═══ Material to process

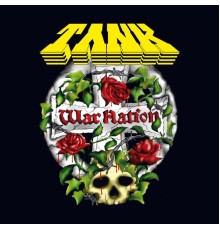 Tank - War Nation (Deluxe)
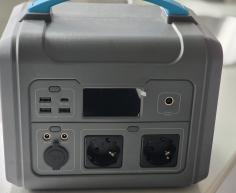KAPA ENERGIE Q600 PORTABLE POWER STATION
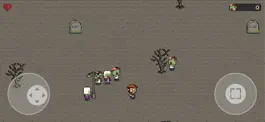 Game screenshot Zombie Shooter: Survival Game apk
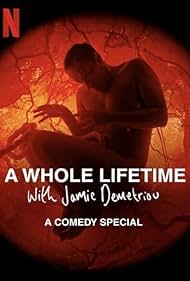 A Whole Lifetime with Jamie Demetriou (2023)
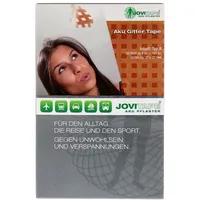 JOVITA PHARMA Jovitape Gittertape Type A 27x22mm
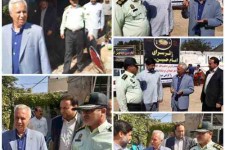 تاکنون 15هزار زائر در شهرستان اسلام آبادغرب اسکان یافتند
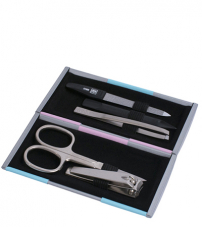 Маникюрный набор YES 9316GAR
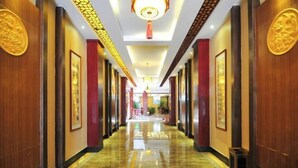 Unclassified image, 2 of 74, button - Hongcheng Hotel (Luoping)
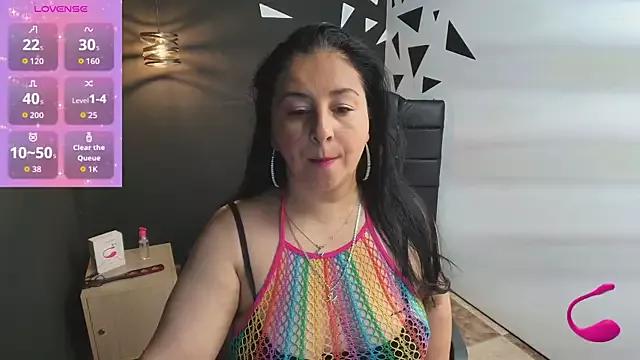 Mad beauty - checkout our excited streamers as they tease to their beloved melodies and slowly squirt for enjoyment to appease your wildest wishes.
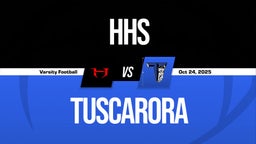10/24 Highlights vs HHS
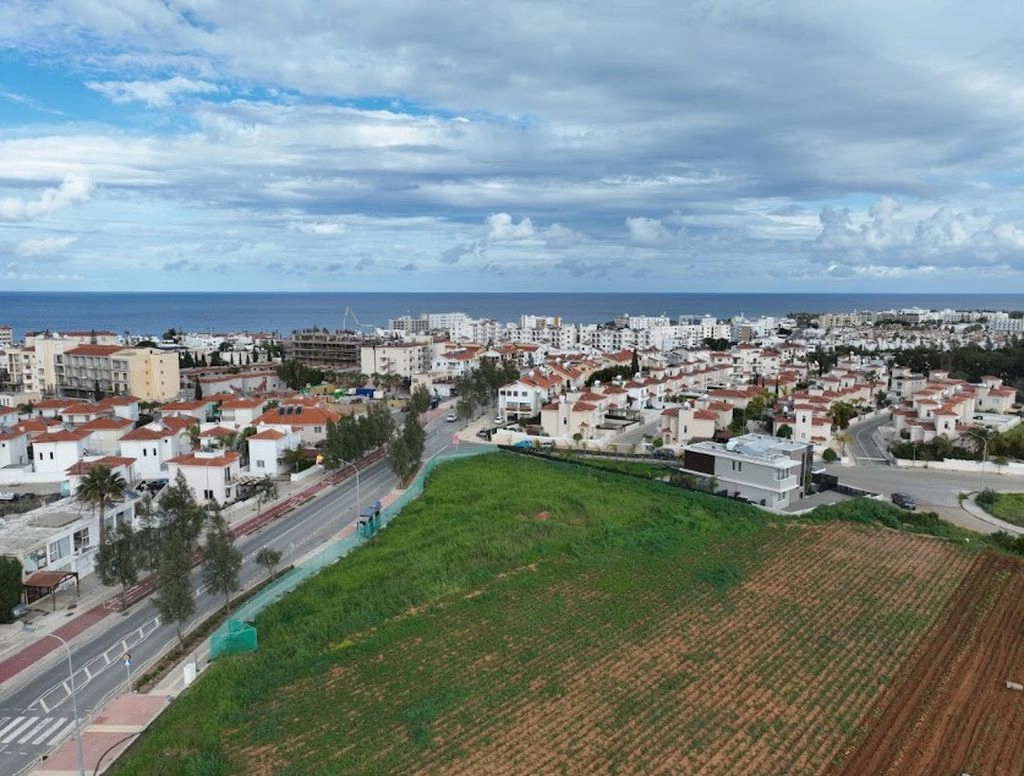 3 Bedroom House for Sale in Pernera, Famagusta District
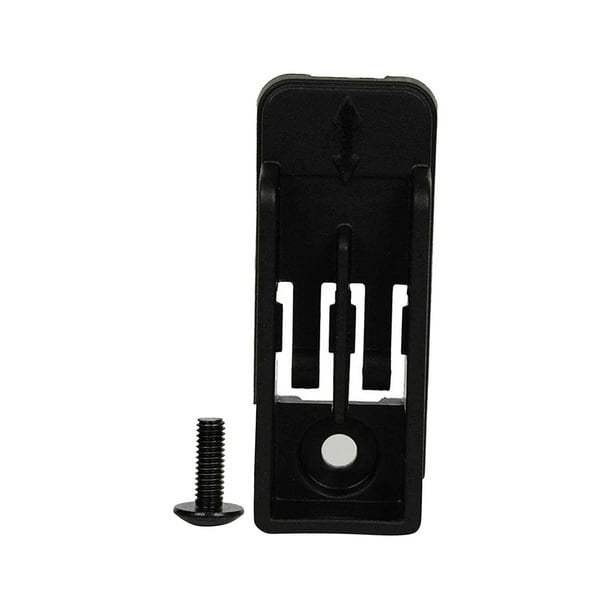 Fijador de puntas de destornillador con tornillo 251314-2 Portapuntas de destornillador eléctrico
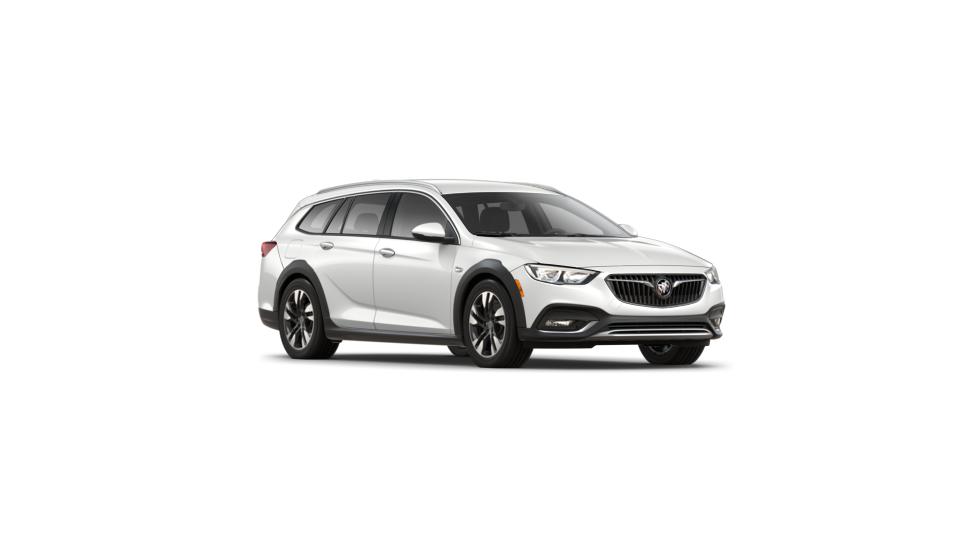 2019 Buick Regal TourX Vehicle Photo in Ft. Myers, FL 33907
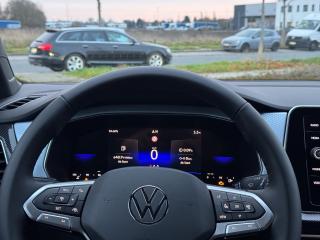 Volkswagen T-Cross Energy – image 9 of 16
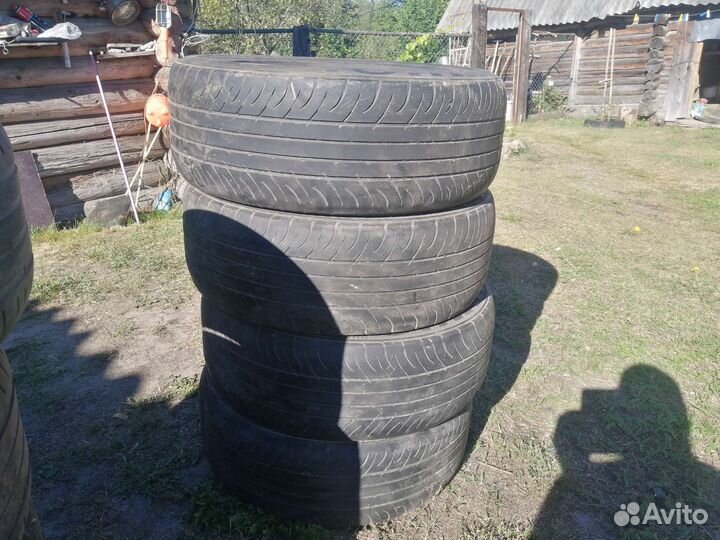 Kumho Ecsta SPT KU31 205/55 R16
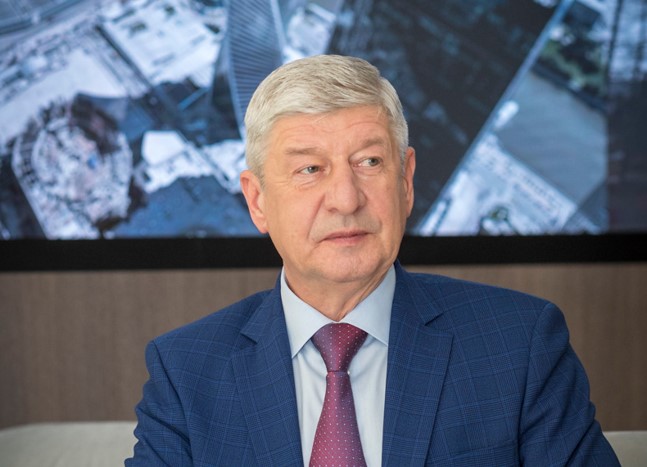 Где еще в Москве расселено 18 домов по реновации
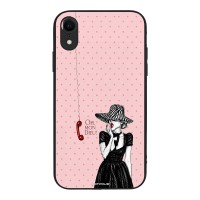 Θήκη Sonique DIVA Series για Apple iPhone XR Oh, Mon Dieu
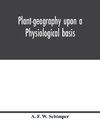 Plant-geography upon a physiological basis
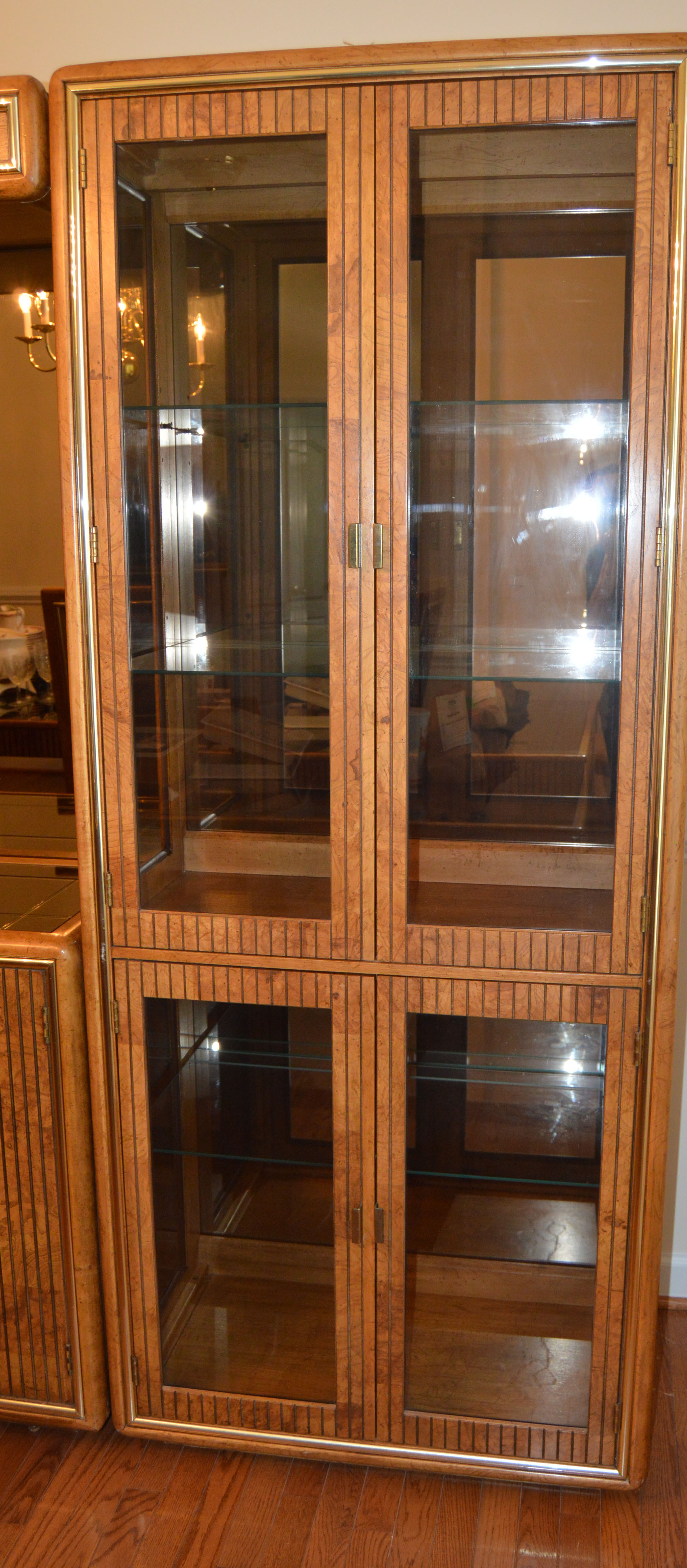Modern China Cabinet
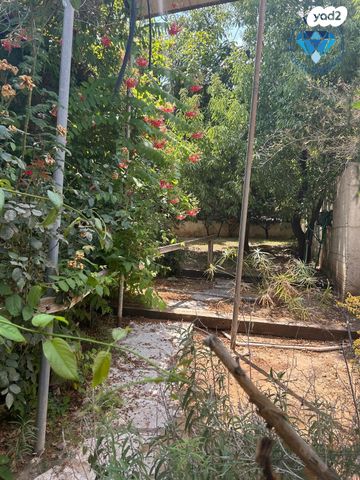 בית פרטי/ קוטג', הבנים, מרכז מזרחי, נס ציונה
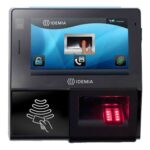 Idemia Morpho Sigma Wide Biometric Reader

══════

● Exercise goal
When you reach the line containing "Unclassified image, 2" in the entries above, begin restating word for word, and stop once the line containing "Volkswagen T-Cross Energy – image 9 of 16" has been given. Omit the pictures.

● Written response
 Unclassified image, 2 of 74, button - Hongcheng Hotel (Luoping)
 Mad beauty - checkout our excited streamers as they tease to their beloved melodies and slowly squirt for enjoyment to appease your wildest wishes.
10/24 Highlights vs HHS
 3 Bedroom House for Sale in Pernera, Famagusta District
 Fijador de puntas de destornillador con tornillo 251314-2 Portapuntas de destornillador eléctrico
 2019 Buick Regal TourX Vehicle Photo in Ft. Myers, FL 33907
 Volkswagen T-Cross Energy – image 9 of 16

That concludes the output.